» EXERCISE GOAL
In the records below, find the line containing "B4GAT1 Antibody" and the line containing "Figure 4. Aberrant". Give again exactly those lines and every line between them, omitting the pictures.

----

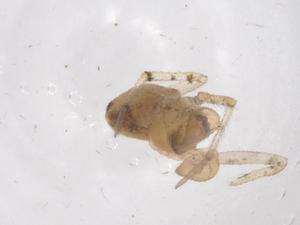  ( - CBG-B20770-A05)  @11 [ ] CreativeCommons - Attribution Share - Alike (2025) Centre for Biodiversity Genomics Centre for Biodiversity Genomics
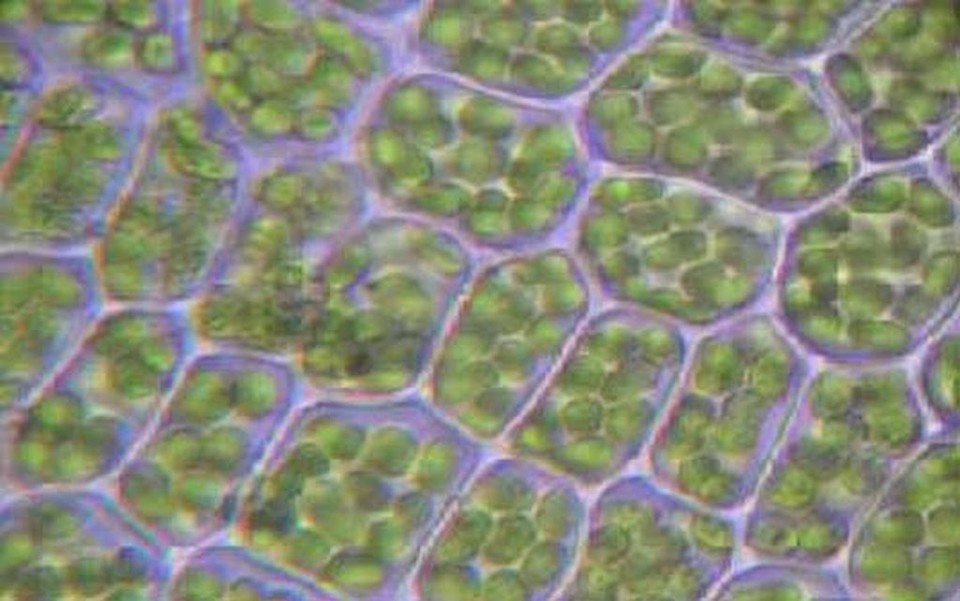 Genes do cloroplasto, uma antiga estrutura bacteriana, parecem saltar com certa facilidade para o núcleo das plantas | Reprodução
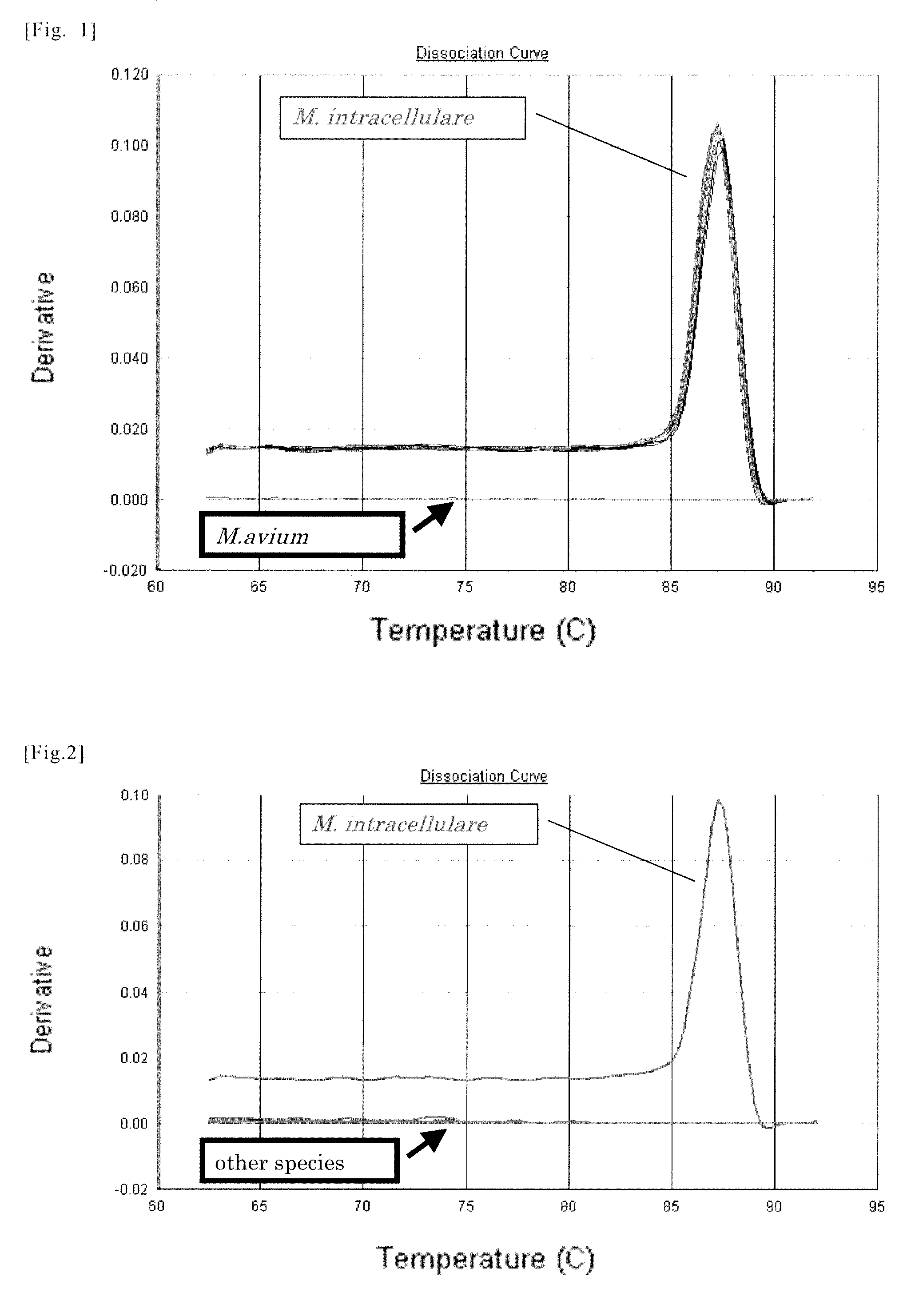 Primer and probe for detection of mycobacterium intracellulare, and method for detection of mycobacterium intracellulare using the primer or the probe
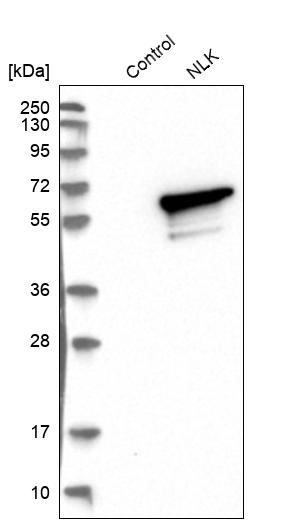 Anti-NLK Antibody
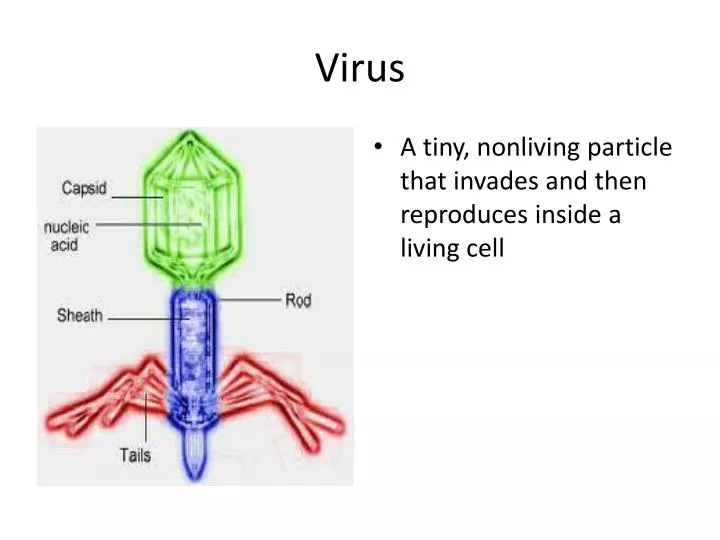 virus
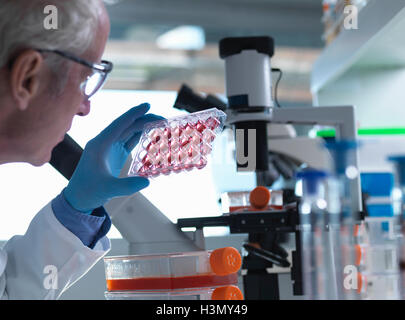 Scientist holding a multiwell plate containing growth medium commonly used in biological research to maintain and grow cells Stock Photo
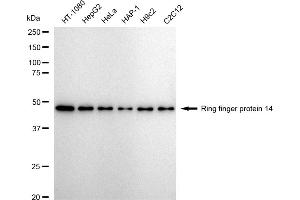 Western blotting analysis using Ring finger protein 14 antibody (ABIN7800243).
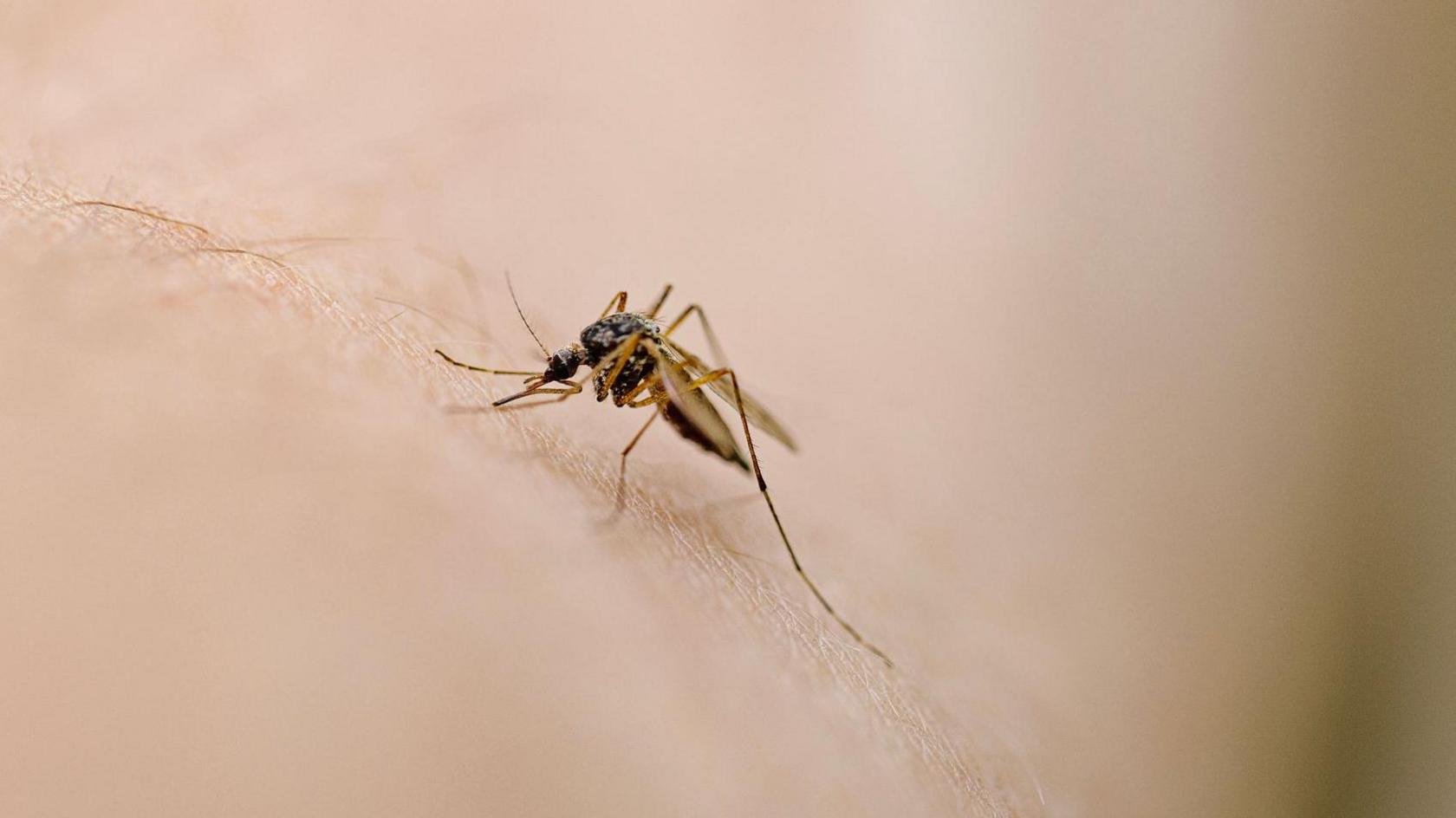 West Nile Virus Detected in UK Mosquitoes: First Time Discovery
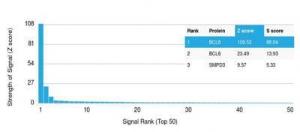 Analysis of protein array containing more than 19,000 full-length human proteins using Anti-Bcl-6 Antibody [PCRP-BCL6-1E2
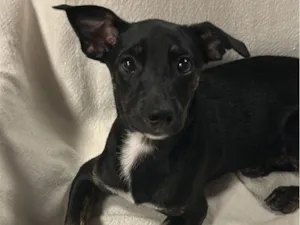 Cachorro raça SRD-ViraLata idade 2 a 6 meses nome Ana Julia 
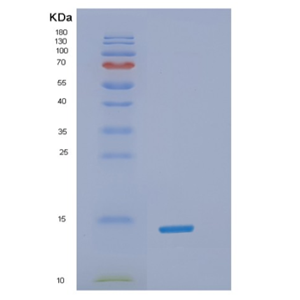 Recombinant Human α-Synuclein Protein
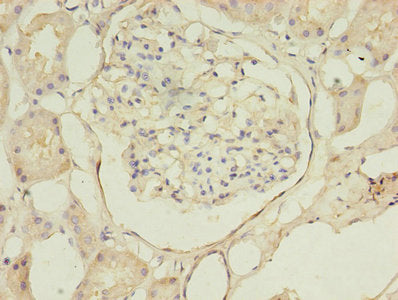 B4GAT1 Antibody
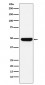 UAP56 Antibody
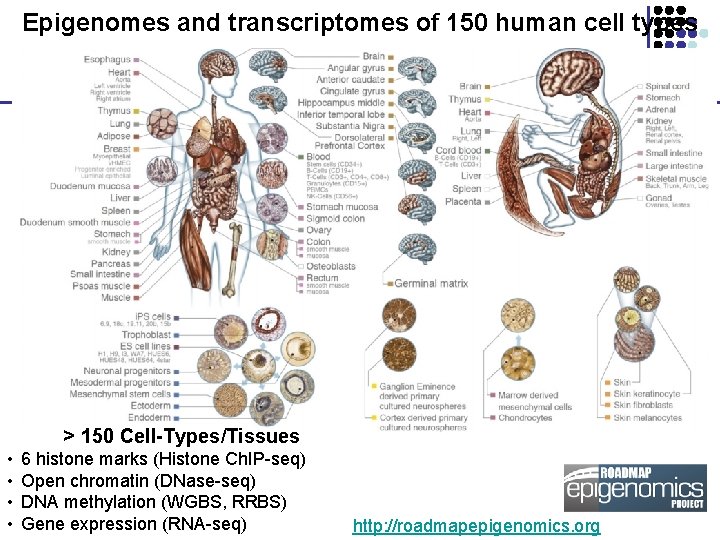 Epigenomes and transcriptomes of 150 human cell types > 150 Cell-Types/Tissues • • 6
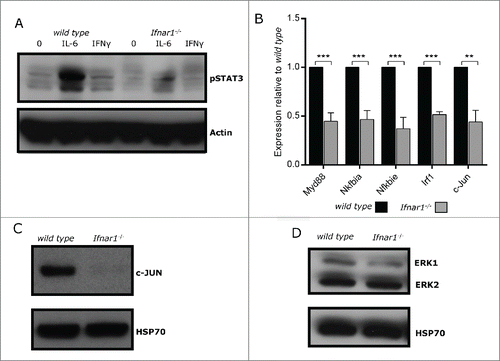 Figure 4. Aberrant expression and activation of signaling intermediaries in unstimulated Ifnar1−/− MEFs. (A) wild type and Ifnar1−/− MEFs were cultured in media alone or treated with 100 U/ml IFNγ or 100 ng/ml IL-6 and 100ng/ml IL-6R for 30mins. Protein lysates were separated by SDS-PAGE and probed with an antibody specific for pSTAT3. Western membrane was re-probed with an antibodies specific for Actin to confirm equivalent loading of proteins. (B) RNA was extracted from untreated wild type and Ifnar1−/− 129/C3H MEFs and mRNA expression of c-Jun, Irf1, Myd88, Nfkbiα and Nfkbie was determined by qRT-PCR. Expression of each gene was normalized to L32 and untreated wild type MEFs. Data represents the mean of 4–6 independent experiments and error bars are SEM. Significance determined by t-test *p < 0.05, **p < 0.01, ***p < 0.001. (C-D) Protein lysates from untreated wild type and Ifnar1−/−MEFs were separated by SDS-PAGE and probed with antibodies specific for (C) c-JUN, and (D) ERK1/2. Western membranes were re-probed with antibodies specific for HSP70 to confirm equivalent loading of proteins.
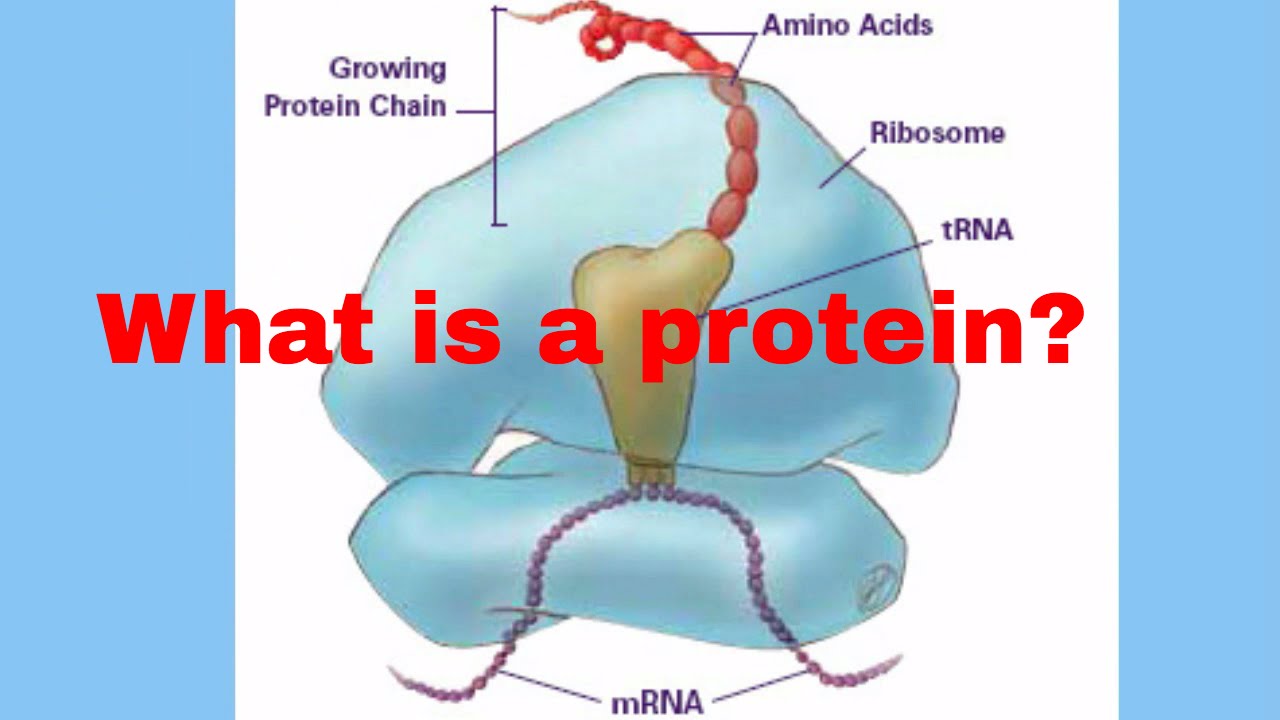 You are currently viewing What are proteins  made up of?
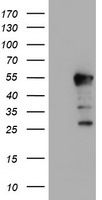 HEXO Antibody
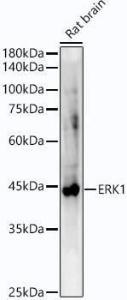 Anti-ERK1 antibody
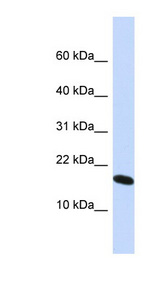H2AFX / H2AX Antibody - H2AFX / H2AX antibody Western blot of HepG2 cell lysate. This image was taken for the unconjugated form of this product. Other forms have not been tested.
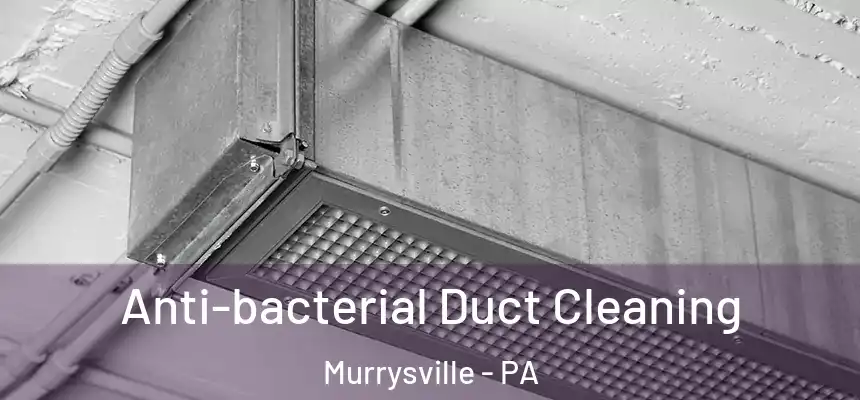  Anti-bacterial Duct Cleaning Murrysville - PA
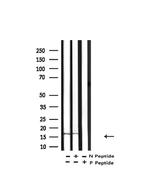 Histone H3ac (pan-acetyl) Antibody in Western Blot (WB)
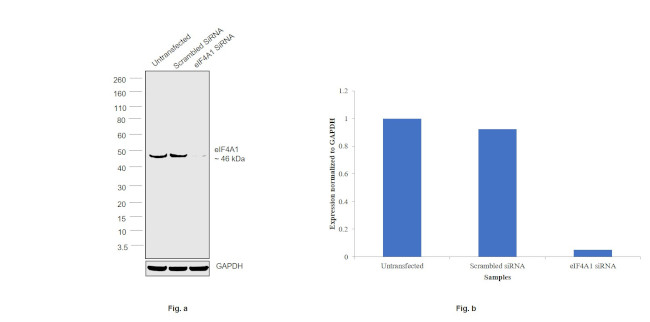 eIF4A1 Antibody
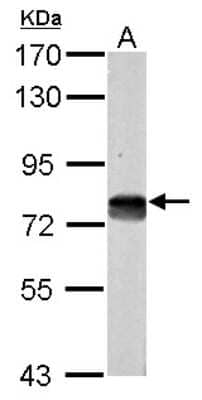 Western Blot: DMTF1 Antibody [NBP2-16180]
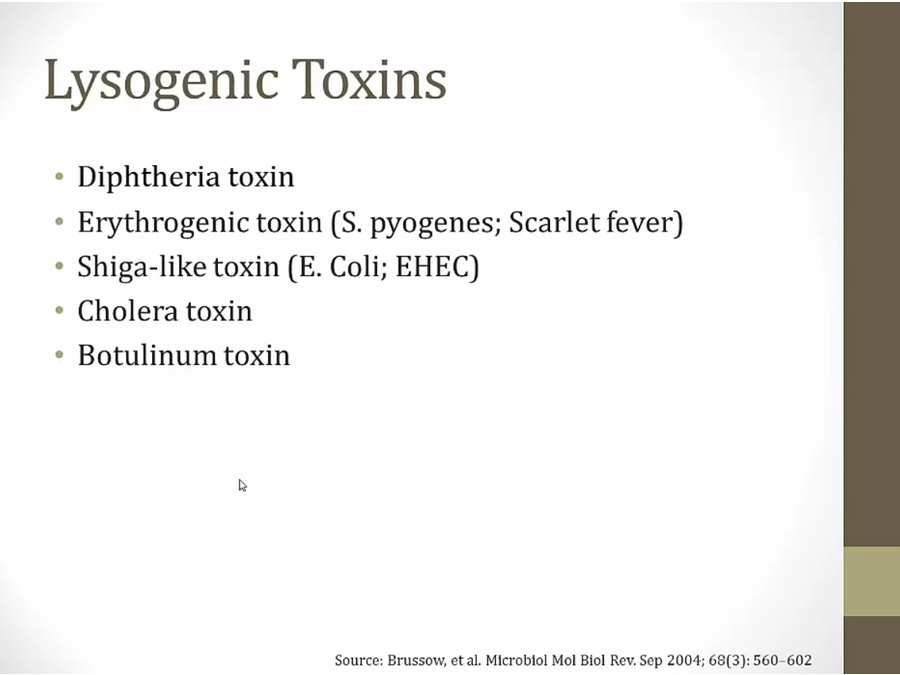 05 Bacterial Genetics - My Wiki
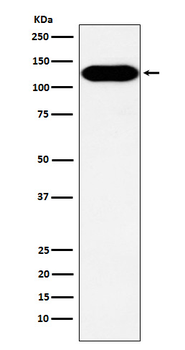 BCAR1 Rabbit mAb [KD Validated] Antibody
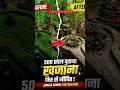 500 Saal Purana Mandir 😳 Jungle Se Nikal Kar Phir Se Zinda! #shorts #shortfeed #viral #viralvideo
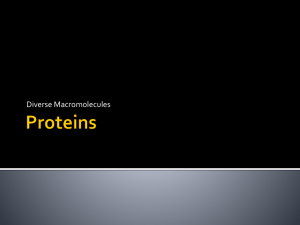 Proteins - Westgate Mennonite Collegiate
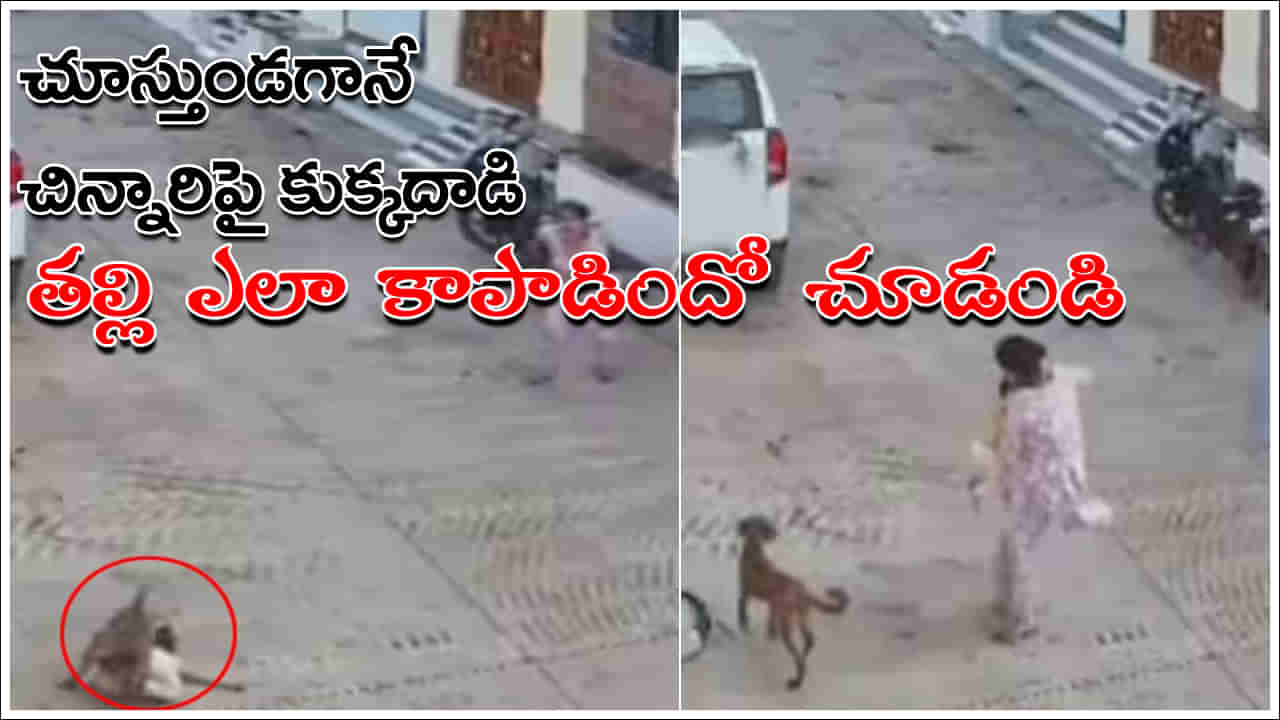 Viral Video: చూస్తుండగానే చిన్నారిపై కుక్క దాడి.. క్షణాల్లో కాపాడిన తల్లి.. వీడియో వైరల్‌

----

» WRITTEN ANSWER
 B4GAT1 Antibody
 UAP56 Antibody
 Epigenomes and transcriptomes of 150 human cell types > 150 Cell-Types/Tissues • • 6
 Figure 4. Aberrant expression and activation of signaling intermediaries in unstimulated Ifnar1−/− MEFs. (A) wild type and Ifnar1−/− MEFs were cultured in media alone or treated with 100 U/ml IFNγ or 100 ng/ml IL-6 and 100ng/ml IL-6R for 30mins. Protein lysates were separated by SDS-PAGE and probed with an antibody specific for pSTAT3. Western membrane was re-probed with an antibodies specific for Actin to confirm equivalent loading of proteins. (B) RNA was extracted from untreated wild type and Ifnar1−/− 129/C3H MEFs and mRNA expression of c-Jun, Irf1, Myd88, Nfkbiα and Nfkbie was determined by qRT-PCR. Expression of each gene was normalized to L32 and untreated wild type MEFs. Data represents the mean of 4–6 independent experiments and error bars are SEM. Significance determined by t-test *p < 0.05, **p < 0.01, ***p < 0.001. (C-D) Protein lysates from untreated wild type and Ifnar1−/−MEFs were separated by SDS-PAGE and probed with antibodies specific for (C) c-JUN, and (D) ERK1/2. Western membranes were re-probed with antibodies specific for HSP70 to confirm equivalent loading of proteins.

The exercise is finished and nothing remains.